High-precision attitude control for flexible spacecrafts is a difficult problem in communication, navigation and remote sensing, and so forth. It is because modern spacecrafts often employs large, complex, and lightweight structures such as solar arrays in order to achieve the increased functionality at a reduced launch cost and also provide sustainable energy during space flight [1–4]. Consequently, the complex space structure may lead to the decreased rigidity and low frequency elastic modes. The dynamic model of a flexible spacecraft usually includes the interaction between the rigid and elastic modes [5, 6]. During the control of the rigid body attitude, the unwanted excitation of the flexible modes, together with other external disturbances, measurement, and actuator error, may degrade the performance of attitude control systems (ACSs). Meanwhile, the spacecraft commonly operates in the presence of various disturbances, including gravitational torque, aerodynamic torque, radiation torque, and other environmental and nonenvironmental torques. The problem of disturbance rejection is particularly pronounced in the case of low-earth-orbiting satellites that operate in altitude ranges where their dynamics are substantially affected by most of the disturbances mentioned above [7, 8]. In the face of disturbance and uncertainty, H∞ methods are ideally suited for yielding a good performance of flexible spacecrafts. H∞ control has been used in attitude control systems design in [9, 10] where external disturbance and model uncertainty are considered. An H∞ multiobjective controller based on the linear matrix inequality (LMI) framework is designed for flexible spacecraft in [11].
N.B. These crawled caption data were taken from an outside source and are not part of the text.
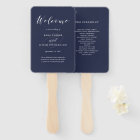 Elegant Typography | Navy Blue Wedding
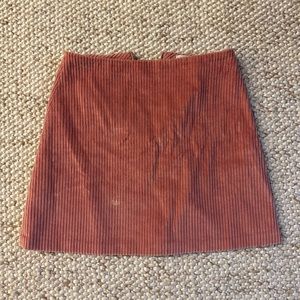 Aritzia Corduroy Skirt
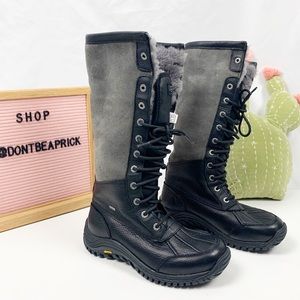 New UGG Adirondack Tall Grey Boots Sz: 7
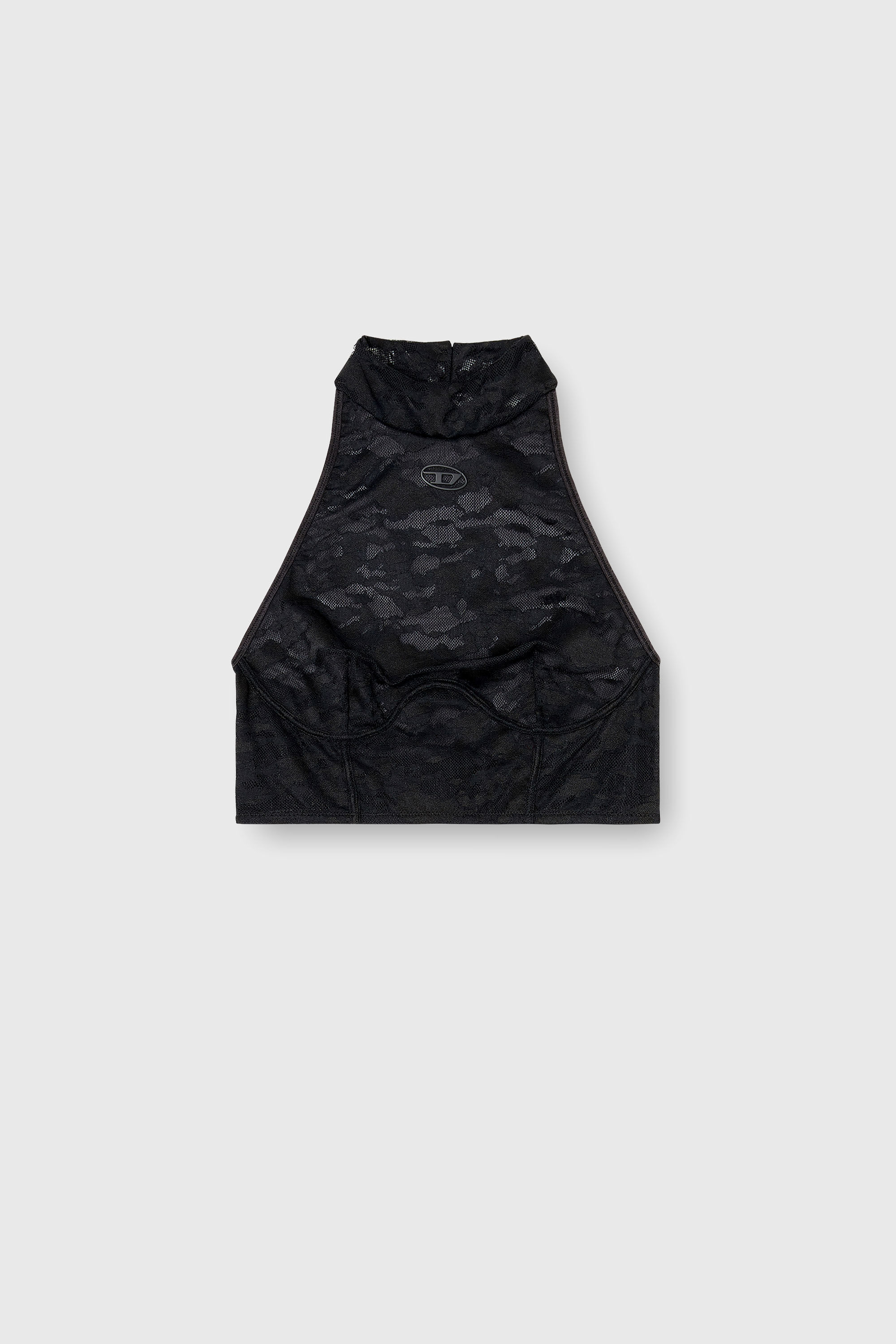 Diesel - MARCIA-UTLT, Soutien-gorge en dentelle &agrave; col licou Femme in Noir - 2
On the other hand, in recent years, several studies related to control of flexible spacecraft attitude system with input saturation have been done in [12, 13]. However, the input delay often exists in flexible spacecraft due to the physical structure and energy consumption of the actuators. Although it is not the most important factor to affect the attitude control, it still leads to substantial performance deterioration and even to instability of the system [14, 15]. Hence, stabilization algorithms for such systems that explicitly take input time delay into account are practical interest. Up to now, the issue of control problems for flexible spacecraft subject to both disturbance and input time delay has not been fully investigated and remains to be open and challenging.

In control system design, it is usually desirable to design the control systems which not only is robustly stable but also guarantees an adequate level of performance. One approach to this problem is the so-called guaranteed cost control approach.

Motivated by the preceding discussion, in this paper, we consider H∞ control problem for flexible spacecraft subject to both disturbance and input time-varying delay. By constructing an augmented Lyapunov functional with slack variables, a new delay-dependent state feedback controller is obtained in terms of linear inequality matrix. These slack variables can make the controller design more flexible and be extended to the systems without time delay. The resultant design also can guarantee the asymptotic stability and H∞ performances of closed-loop system. Finally, a numerical example is shown to demonstrate the good performance of our method.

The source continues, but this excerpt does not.